0-no technology present
1-technology only used in latter part of instruction 
2-technology present throughout the teaching and learning process

Holistic coding can also be used, which assigns a point scale based on the overall judgment of how the situation is depicted. The article Drawing on Education referenced drawings of classrooms that have been rated on whether they were depicted positively or negatively. 

Lastly, holistic review is used with a group of teachers that seeks to identify patterns, why these patterns occur, and what changes could be made in your school as a result of these drawings. This type of coding incorporates both analytical and holistic coding. 


What evidence is there of the reliability and validity of using drawings to make inferences about teaching and learning?

Reliability of using drawings is equated to the test/re-test use of other studies. The reliability of using drawings is enhanced by using coding to determine various inferences about aspects of education. Reliability of drawings is also distinguished by stability. This concept refers to the extent to which assessment results are stable over time. Stability of drawings can be determined by using trait-coding features.

Validity studies have been conducted by observing what teachers can learn from using drawings to improve their teaching and classroom practices. Oftentimes, children's drawings along with other types of quantitative data (i.e. student assessment scores) can provide elicited information about similar characteristics, and thus a direct correlation is observed. 


In what contexts have drawings supported change?

Children's drawings have supported change within the classroom by providing the opportunity for teachers to engage in reflection. Seeing their classroom through the eyes of the students is a powerful tool-as it enables teachers to reflect on their own teaching and instruction.

Drawings have purportedly been extremely influential in documenting the educational ecology of classrooms and schools. They can demonstrate teaching attitudes and styles, student-teacher relationship, technology integration, and the overall learning atmosphere. 
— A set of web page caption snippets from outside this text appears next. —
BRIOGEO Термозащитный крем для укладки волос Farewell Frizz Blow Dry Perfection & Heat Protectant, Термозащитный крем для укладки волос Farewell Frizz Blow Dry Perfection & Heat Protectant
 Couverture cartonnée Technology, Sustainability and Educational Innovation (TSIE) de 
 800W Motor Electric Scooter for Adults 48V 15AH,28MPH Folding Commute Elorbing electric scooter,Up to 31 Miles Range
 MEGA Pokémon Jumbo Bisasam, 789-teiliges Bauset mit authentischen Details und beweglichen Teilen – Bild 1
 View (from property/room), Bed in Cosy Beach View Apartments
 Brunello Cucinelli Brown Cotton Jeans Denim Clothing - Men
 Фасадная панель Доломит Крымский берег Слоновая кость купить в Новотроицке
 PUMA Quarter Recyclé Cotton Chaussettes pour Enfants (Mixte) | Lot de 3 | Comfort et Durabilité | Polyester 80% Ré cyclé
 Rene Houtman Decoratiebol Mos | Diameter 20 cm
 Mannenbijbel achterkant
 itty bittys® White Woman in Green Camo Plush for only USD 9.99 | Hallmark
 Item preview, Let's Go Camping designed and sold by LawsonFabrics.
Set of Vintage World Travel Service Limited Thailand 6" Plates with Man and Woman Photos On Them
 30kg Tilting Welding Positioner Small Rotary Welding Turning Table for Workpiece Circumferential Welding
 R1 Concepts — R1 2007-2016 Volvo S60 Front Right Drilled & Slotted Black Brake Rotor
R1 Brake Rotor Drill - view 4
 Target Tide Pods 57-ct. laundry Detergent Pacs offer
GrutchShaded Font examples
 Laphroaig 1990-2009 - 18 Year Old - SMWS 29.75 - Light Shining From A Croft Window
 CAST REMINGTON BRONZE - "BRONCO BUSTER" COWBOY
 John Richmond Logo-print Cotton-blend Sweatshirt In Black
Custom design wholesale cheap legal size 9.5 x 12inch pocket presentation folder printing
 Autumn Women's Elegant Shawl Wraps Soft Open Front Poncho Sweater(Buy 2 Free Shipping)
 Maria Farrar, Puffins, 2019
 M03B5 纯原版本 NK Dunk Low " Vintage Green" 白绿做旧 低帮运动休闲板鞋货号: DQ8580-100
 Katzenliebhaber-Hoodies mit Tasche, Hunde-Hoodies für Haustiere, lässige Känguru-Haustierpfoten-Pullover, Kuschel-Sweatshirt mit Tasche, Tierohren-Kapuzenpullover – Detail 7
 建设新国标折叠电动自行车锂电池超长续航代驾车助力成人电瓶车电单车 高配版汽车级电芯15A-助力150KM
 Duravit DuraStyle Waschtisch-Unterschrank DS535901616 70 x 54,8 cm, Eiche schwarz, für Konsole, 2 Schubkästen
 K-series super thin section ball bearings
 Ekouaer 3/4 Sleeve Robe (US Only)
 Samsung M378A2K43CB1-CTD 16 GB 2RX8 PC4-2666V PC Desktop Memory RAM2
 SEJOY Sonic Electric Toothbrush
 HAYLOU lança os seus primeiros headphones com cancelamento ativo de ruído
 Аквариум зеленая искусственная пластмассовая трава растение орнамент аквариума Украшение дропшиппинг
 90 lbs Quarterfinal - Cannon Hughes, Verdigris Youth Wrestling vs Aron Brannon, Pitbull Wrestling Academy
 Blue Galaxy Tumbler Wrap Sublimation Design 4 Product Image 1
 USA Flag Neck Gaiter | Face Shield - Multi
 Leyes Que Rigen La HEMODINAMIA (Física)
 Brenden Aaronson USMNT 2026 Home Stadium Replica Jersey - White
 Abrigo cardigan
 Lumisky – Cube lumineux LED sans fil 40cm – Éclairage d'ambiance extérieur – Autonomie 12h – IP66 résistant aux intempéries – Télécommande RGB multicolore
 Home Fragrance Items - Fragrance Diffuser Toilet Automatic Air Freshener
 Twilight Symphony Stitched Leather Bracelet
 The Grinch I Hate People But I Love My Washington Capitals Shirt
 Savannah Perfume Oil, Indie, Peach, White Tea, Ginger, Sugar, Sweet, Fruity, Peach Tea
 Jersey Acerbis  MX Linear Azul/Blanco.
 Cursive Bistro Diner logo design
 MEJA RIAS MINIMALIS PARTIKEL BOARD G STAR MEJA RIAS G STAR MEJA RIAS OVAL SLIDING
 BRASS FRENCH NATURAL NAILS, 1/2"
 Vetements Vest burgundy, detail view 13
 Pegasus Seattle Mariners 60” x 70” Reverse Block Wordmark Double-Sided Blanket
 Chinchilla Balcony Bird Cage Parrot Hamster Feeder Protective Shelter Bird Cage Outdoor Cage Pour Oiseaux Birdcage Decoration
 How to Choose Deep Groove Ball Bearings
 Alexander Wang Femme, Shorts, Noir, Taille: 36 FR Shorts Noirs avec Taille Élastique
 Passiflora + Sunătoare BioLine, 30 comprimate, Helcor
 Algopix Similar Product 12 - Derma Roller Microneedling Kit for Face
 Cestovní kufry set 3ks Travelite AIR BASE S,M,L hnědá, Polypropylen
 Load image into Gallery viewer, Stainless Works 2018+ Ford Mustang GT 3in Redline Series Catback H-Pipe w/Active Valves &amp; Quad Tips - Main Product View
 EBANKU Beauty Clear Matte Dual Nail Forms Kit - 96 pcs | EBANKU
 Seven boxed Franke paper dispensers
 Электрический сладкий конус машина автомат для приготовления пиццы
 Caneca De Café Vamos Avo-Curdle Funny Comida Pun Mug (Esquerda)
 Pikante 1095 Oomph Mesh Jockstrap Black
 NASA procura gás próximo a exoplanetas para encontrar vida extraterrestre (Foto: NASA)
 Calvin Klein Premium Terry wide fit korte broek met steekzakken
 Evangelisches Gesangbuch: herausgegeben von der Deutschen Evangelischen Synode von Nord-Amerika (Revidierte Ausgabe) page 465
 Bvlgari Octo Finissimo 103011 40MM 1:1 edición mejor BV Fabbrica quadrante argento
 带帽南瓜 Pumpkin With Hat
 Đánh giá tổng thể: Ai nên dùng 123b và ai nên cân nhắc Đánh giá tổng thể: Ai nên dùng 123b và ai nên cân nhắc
Write a prompt designed to elicit drawings from children in an after school program focused on STEM education that would help us understand change in student thinking about how technology can be used to solve problems.

-I definitely need some help refining these prompts, but I think I have a decent start. Here are several prompts that I came up with that would elicit distinctly different picture drawings ad responses. I would be extremely interested to see the differences between technology use to solve problems at home versus at school. 

  • Draw a picture of how you would use a computer to solve problems at school.
  • Draw a picture of how you would use technology to solve problems at home.
  • Draw a picture of how you would use technology to solve problems in the world.
  • Draw a picture of somebody using a computer to help save the environment.